Tuesday, 13 June 2017

Nigerian Priest Prayed to God for Miracle as Radicals Tied Him 'Like a Goat' to Burn Him Alive


A Christian family mourn three relatives killed by armed Fulani herdsmen in Jos, Plateau state, Nigeria, in December 2011.

A Nigerian priest detailed his kidnapping by Islamic radicals, saying he was stripped of his clothes, tied up "like a goat" and prepared to be burned alive,
before his prayers to God for a miracle saved him.

Fr. Sam Okwuidegbe, a Jesuit priest and director of a local spirituality center, shared his story earlier this week on the website of the Jesuit Superiors of Africa and Madagascar, recalling that his abduction in April 2016 took place while he was on his way to a retreat in Onitsha, in the state of Anambra.

"On looking up I saw masked men with AK47 rifles shooting. I was so scared. I also stopped my car abruptly and began to reverse, but as I was trying to do that, a man suddenly appeared ... and said, 'If you don't get out of the car I'll shoot you,'" Okwuidegbe said of being stopped on the highway.

He was able to identify the kidnappers as Fulani herdsmen, an Islamic radical group that has killed thousands of people in Nigeria, including many Christians, in the past couple of decades.

Okwuidegbe was taken with two other men on a perilous journey into the forest.

"I was so shaken, and began to ask myself, is this happening to me? What am I doing in this forest? What am I doing here? I felt extremely cold and in my confusion ... I'd mutter to myself, this can't be happening, God. This can't be happening," he recalled.

The priest and the other men were stripped of all their belongings and questioned. Due to the trauma of the experience, he was unable to recall anyone's phone number to call to negotiate his release and pay off the terrorists.

"That triggered a series of beatings ... they huddled me up, hands and feet tied to the back with a rope like a goat before a kill. They removed my cassock, then my shirt, threw me into the dirt on the ground, and began to beat me with the back of their guns, they'd kick me hard on my sides, slap across my face, push and pull me hard across the ground ... one of them said 'We are going to burn you alive!'" Okwuidegbe described.

Throughout the ordeal, the priest said that he prayed to God in silence, though he became resigned that he was about to die.

"I hoped for a miracle ... every minute I'd pray saying all kinds of prayers, I'd pray to Saint Ignatius, say the rosary and the Divine Mercy (chaplet) ... at one time I found myself singing heartily but in the inside, a Ghanaian song that says
'God speak to me ... God where are you?' I kept humming in my heart ... it gave me hope," he continued.

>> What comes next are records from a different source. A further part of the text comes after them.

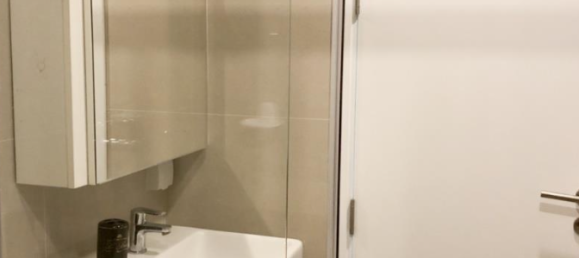 2 chambres Condo à Pattaya, Thailand No. 73664 3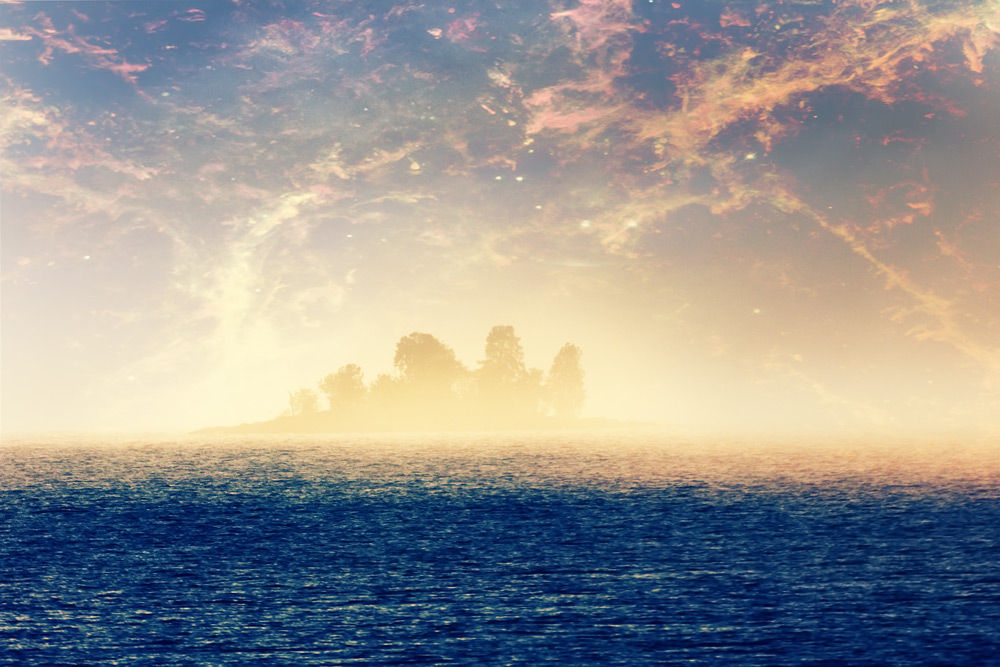 Data Mesh – Allheilmittel oder Mythos?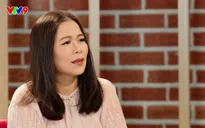 Chuyện của sao: Ca sĩ Mỹ Lệ thừa nhận mất "lửa nghề"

After another man in captivity managed to remember the phone number of Jesuit provincial Fr. Jude Odiaka, however, negotiations began for their release.

Eventually, after the herdsmen were seemingly promised what they wanted, Okwuidegbe was freed and left in the forest.

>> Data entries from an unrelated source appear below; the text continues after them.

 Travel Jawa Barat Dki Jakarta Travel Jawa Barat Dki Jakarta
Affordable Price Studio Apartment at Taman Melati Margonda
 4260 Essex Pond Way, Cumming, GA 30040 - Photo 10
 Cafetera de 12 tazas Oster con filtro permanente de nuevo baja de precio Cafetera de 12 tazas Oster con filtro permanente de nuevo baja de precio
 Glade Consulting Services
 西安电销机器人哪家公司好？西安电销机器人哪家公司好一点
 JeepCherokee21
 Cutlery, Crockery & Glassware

The priest said that when he finally returned home, he heard of just how many people had been praying for him.

"In all these things God revealed to me that I was never abandoned while in the forest, even if I was out of reach and in danger, that God heard the prayers and
was with me," he said.

"It has renewed my faith in God, my faith in people ... the human person, God's gift of friendship and that if what I do matters, then also those people I do it with are also very important."

Back in January, Bishop Diamond Emuobor, chairman of the Christian Association of Nigeria, noted that Christians are facing increasing dangers at the hands of extremists, and urged them to protect themselves.

"Christians should defend themselves and he who has no sword, should sell his coat and buy one to defend himself. We are all human beings, nobody should catch you like a snail and slaughter because you believe in Jesus Christ," Emuobor said at the time.